Да и вообще, в каждой мило улыбающейся женщине он стал видеть какой-то подвох. В попытках заговорить, познакомиться с ним сразу же предполагал обман и расчёт. Макияж, яркие платья, декольте, обнажающие женские прелести, воспринимались им как попытки соблазнить и предать. В конце концов, он пришёл к выводу, что выбрал лимит влюблённости до конца: «Больше влюбляться не буду совсем! Пусть другие дураки голову в этот омут суют и шею свою под хомут подставляют».

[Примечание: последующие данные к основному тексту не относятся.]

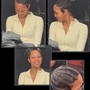 Scalp Treatment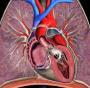 肺動脈高壓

И надо отдать ему должное – не заводил никакие «амуры» до тех самых пор, пока на банкете в Свердловском окружном Доме офицеров не встретился с девушкой с колючим именем Инга.

Глава пятая

1

Ситуация в семье Борисова продолжала оставаться непонятной. Инга по-прежнему держала глухую оборону. А вот на работе у него наметились некоторые перемены.

В очередной понедельник, едва Борисов появился в редакции, Жуковский пригласил его в свой кабинет:

– Прикрой за собой дверь поплотнее, Виктор Павлович, и садись, – распорядился главред, давая понять, что разговор будет конфиденциальным.

Геннадий Андреевич Жуковский был на три года моложе Борисова, но выглядел лет на десять старше. Он рано погрузнел, тяжело ходил и страдал одышкой, да и за воротник залить был не промах. Следы этой нездоровой привязанности оставили на его лице заметный отпечаток – красноватый оттенок кожи, набрякшие мешки под глубоко сидящими болотными глазами и стойкий запах мускатного ореха, который он то и дело жевал по привычке, оставшейся ещё с советских времён, когда перегар не приветствовался.

За Жуковским закрепилось малоприятное прозвище – «Гнойный». Характер у главреда и впрямь был зловредный. Как он сам любил повторять, меняя своё мнение на противоположное: «Я всегда колебался вместе с линией партии». С сотрудниками редакции Жуковский был скор на расправу, придирался и позволял себе резкие высказывания. Подразделяя авторов журнала на две категории: с кого ему лично будет какая-то выгода и с кого взять нечего, главред выстраивал весьма специфическую редакционную политику.

Однако при всём этом Жуковский мог быть и доброжелательным, и учтивым. К тем, кто ему пришёлся по сердцу, он относился весьма благосклонно. К Борисову, которому с начальниками в армейской жизни не очень везло, Жуковский неожиданно повернулся своей «светлой стороной». Именно он принял Борисова в журнал, когда его «попёрли» из армии, назначил начальником отдела и в работе не мешал. Благодарный Борисов старался с ним не ссориться и в открытый конфликт не вступать, соблюдая ленинский принцип «мирного сосуществования».

– Вот что, Виктор Павлович, – откашлявшись, начал Жуковский, – хочу тебя обрадовать: деньги нам на журнал дают! Но пока только на полгода и с одним условием…

Борисов напрягся: он хорошо уяснил, что суть вопроса заключается в том, что произносят после того, как прозвучит это самое «но».